We need to send a message to our teachers that we care, says Shadid

Oklahoma City Public School Board Chair, Paula Lewis, and City Councilman Ed Shadid announced a petition drive to help fund metro area education with a one-quarter percent city income tax. Photo by Rob Howard.

by Rob Howard
Associate Editor

“We are all in agreement that education is the key to neighborhood revitalization, it’s the key to economic development, it’s the key to corporate retention and corporate recruitment,” said Oklahoma City Council Member Ed Shadid when announcing a petition drive to help fund education in Oklahoma City.

A coalition of elected officials, faith leaders, parents, teacher and other concerned citizens of the Oklahoma City metro area gathered at the OKC City Hall this morning to announce the initiative petition campaign. They are proposing a one-quarter percent temporary city income tax to fund grants to teachers, and a separate one-quarter percent income tax to fund lowering class size.

“We think this is a time for creative solutions to fill that gap, and we think this is a creative solution. The city of Oklahoma City is not getting adequate help from the federal government and the state government. We think the people of Oklahoma City have the right to determine how much they want to invest in OKC public schools,” Shadid continued.

“The Brookings Institute study that was recently commissioned, looking at an innovation district, had a very haunting line and that’s that Oklahoma City is running out of time,” said Shadid. He noted that Gov. Mary Fallin has said there would be at least two more years before education funding was addressed, given that 2018 is an election year.

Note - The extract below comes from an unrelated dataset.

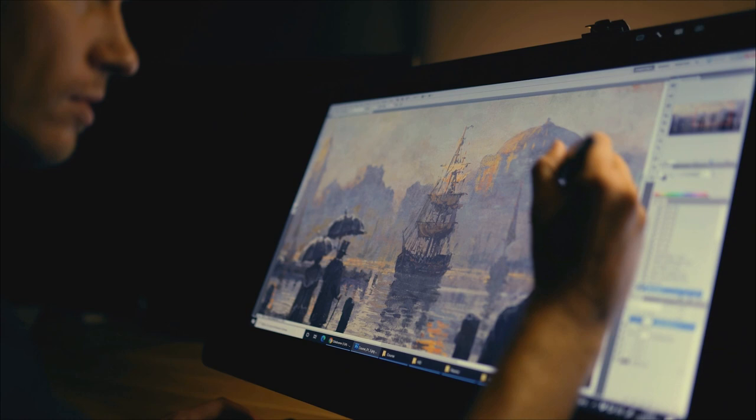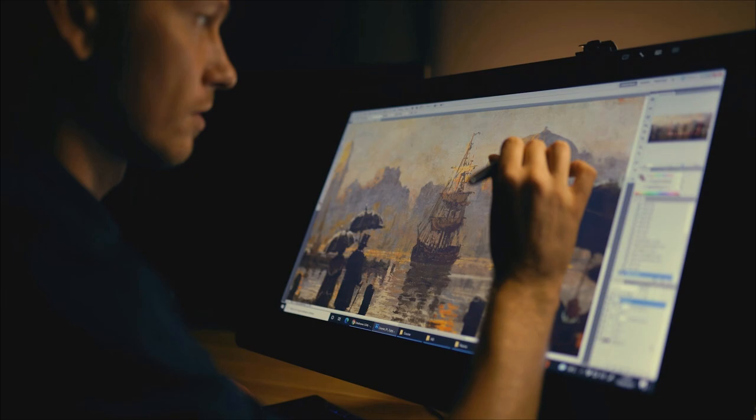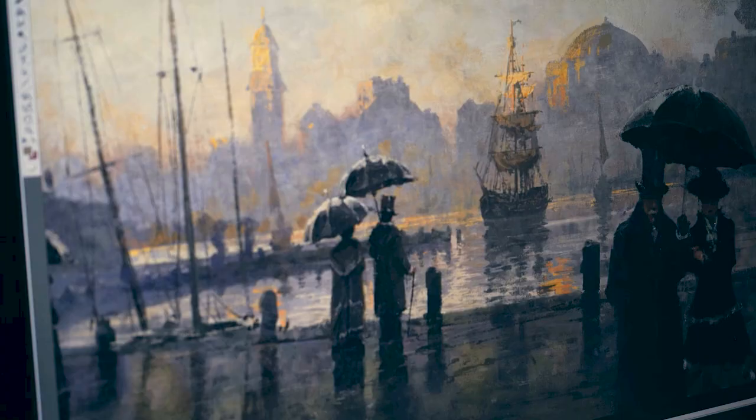I'm gonna take you through the whole process starting with an idea, sketch to the final painting. I'm Greg Rutkowski and welcome to Paint Like The Masters.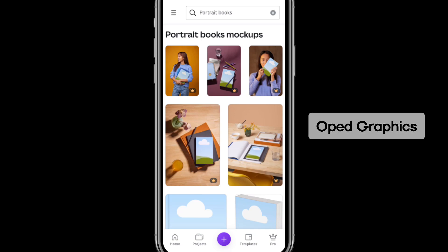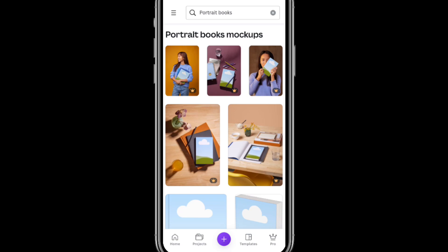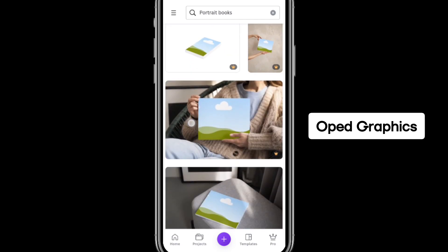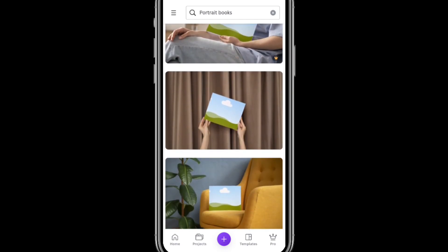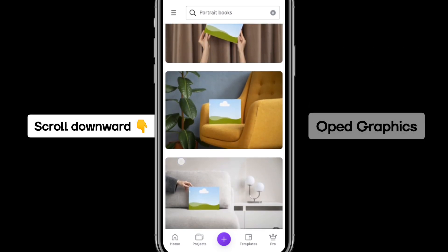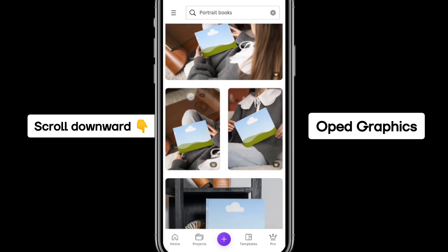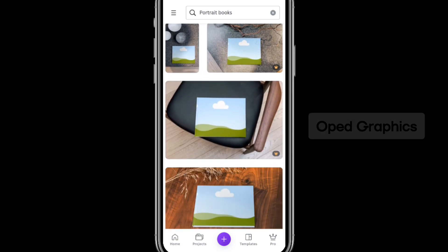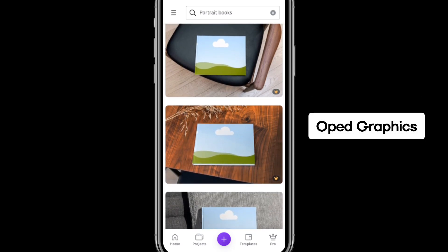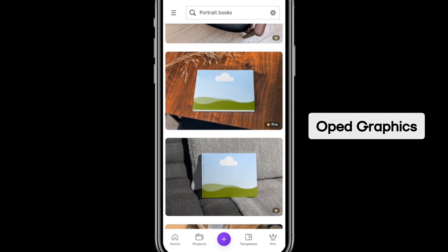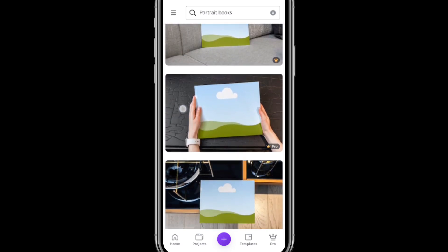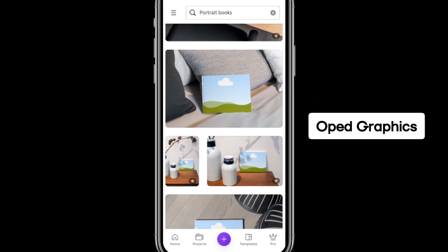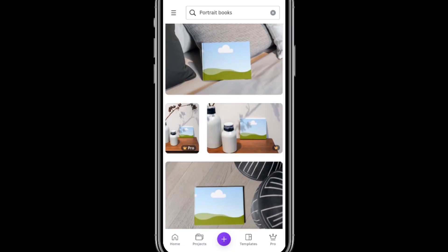If there is a crown icon on it, it means it is the pro version. Let's use the free option we have. Continue to scroll until you see something perfect for what you want to do — one that is free and also suits your need.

“We don’t have a minimum of two years to wait. We need to send a message to teachers that we care, to wait on us before relocating to other cities, and make this investment in our teachers and our support staff but most importantly in our children,” he concluded.

Paula Lewis, Chair of the Oklahoma City School Board, said of the plan, “It’s the right thing to do and it’s an urgent thing to do.”

Casting the lack of funding for education in the metro area as part of a lack of infrastructure, Lewis said, “We need kids to have the people they need in place teach them, we need wrap around services and we need to move forward as a city, we need to move forward with all our infrastructure.

“Yes, we need to move forward with streets, we need to address the incarceration rate that we have. We also need to move forward on funding better health care, our department of human services, and school’s right there. You can connect the dots very easily. When you look at education not succeeding, we see that pipeline to prison. We also know that when you are not dealing with mental health, you have a harder time succeeding in education. We have to move forward as a city,” Lewis concluded.

Lewis told The Gayly that proceeds from the tax would go to all 24 schools districts that fall within Oklahoma City. Oklahoma City Public Schools would receive about 70 percent of the total. The two measures are expected to raise about $25 million each.

Shadid indicated that looking at the median income in the area, each tax would probably cost a family $25 a year.

The petitions are being drafted; once filed the group will have 90 days to collect at least 12,000 signatures to get the measures on the ballot.  Recent polling suggests widespread support across a wide array of demographic categories for such an endeavor, said an information sheet distributed by the group.

Asked if any other city council members were supporting this effort, Shadid replied, "No."